Short web captions

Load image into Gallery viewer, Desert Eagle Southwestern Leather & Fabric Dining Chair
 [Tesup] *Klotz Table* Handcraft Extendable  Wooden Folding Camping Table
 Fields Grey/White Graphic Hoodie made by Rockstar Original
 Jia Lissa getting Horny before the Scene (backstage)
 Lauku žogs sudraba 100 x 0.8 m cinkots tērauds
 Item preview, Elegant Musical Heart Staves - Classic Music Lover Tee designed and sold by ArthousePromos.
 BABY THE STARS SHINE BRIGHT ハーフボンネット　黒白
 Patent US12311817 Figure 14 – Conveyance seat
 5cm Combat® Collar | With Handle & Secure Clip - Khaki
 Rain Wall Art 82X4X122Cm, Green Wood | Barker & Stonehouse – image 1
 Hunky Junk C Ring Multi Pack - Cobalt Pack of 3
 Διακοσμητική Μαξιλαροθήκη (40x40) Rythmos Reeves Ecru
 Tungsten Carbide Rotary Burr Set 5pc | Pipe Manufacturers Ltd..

Task description: Reproduce the lines from the one containing "Διακοσμητική Μαξιλαροθήκη (40x40)" to the end of the entries, keeping both ends and adding nothing.

Task output:
 Διακοσμητική Μαξιλαροθήκη (40x40) Rythmos Reeves Ecru
 Tungsten Carbide Rotary Burr Set 5pc | Pipe Manufacturers Ltd..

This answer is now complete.